On the flip side, Rustagi said insurers may choose to keep rates lower in 2021 because they are profiting this year. The benefit of lower costs due to deferred medical services has so far outweighed costs related to coronavirus tests and hospitalizations. Keeping rates relatively lower could reduce the rebates insurers may be required to pay in the future under an ACA rule that requires them to spend a certain percentage on medical care, he said.
Doug Norris, an actuary at consulting firm Milliman, said it's also possible that state insurance regulators could put pressure on insurers to keep rate increases low because insurers have incurred lower claims so far this year.
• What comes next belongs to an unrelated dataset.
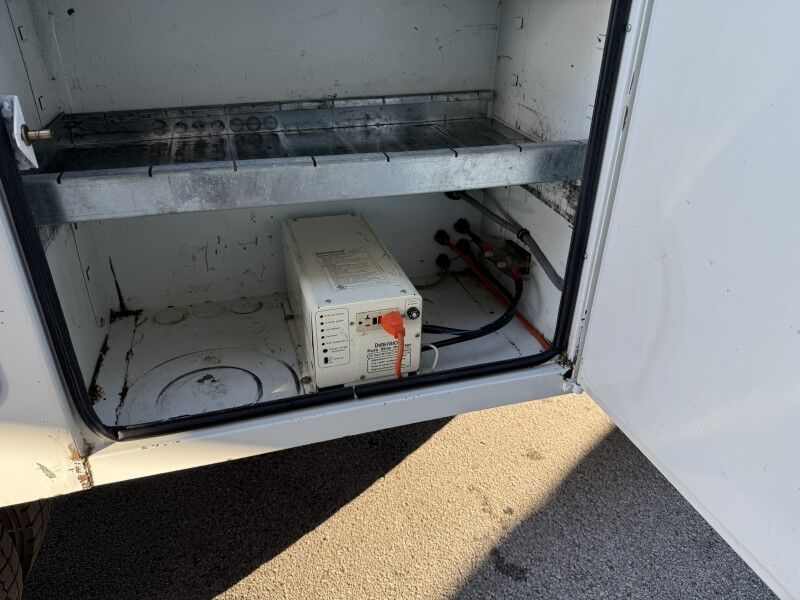 2013 Ram 5500 4x4 Diesel Bucket Truck Tradesman Collinsville OK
He said he expects wider variation in rates between states and within local markets as insurers make their own assumptions about how costs will change: "It's not a group exercise," he said. "You can't compare notes with everybody else and get a consensus on it."
Rate filings haven't been low everywhere. Some health insurers in New York filed rates substantially higher than insurers in other states. While the average rate increase in the state's individual market was 11.7%, Oscar Health asked to hike rates by 19.1% on average. Fidelis Care pitched an 18.8% average increase in rates, hiking them 8.4% to reflect COVID-19 costs.
Fidelis is owned by ACA marketplace and Medicaid giant Centene Corp., which suggested in April that it expects to profit from the pandemic as people who lose job-based insurance turn to Medicaid for coverage. The company last week raised its earnings guidance.
"Each year, we take a variety of factors into account when developing and pricing our products. We continuously monitor our experience in New York and take appropriate rate actions each year that align with local market factors," a Centene spokeswoman said, adding that the insurer's premiums must be filed and approved with regulators.
Oscar Health did not respond to requests for comment.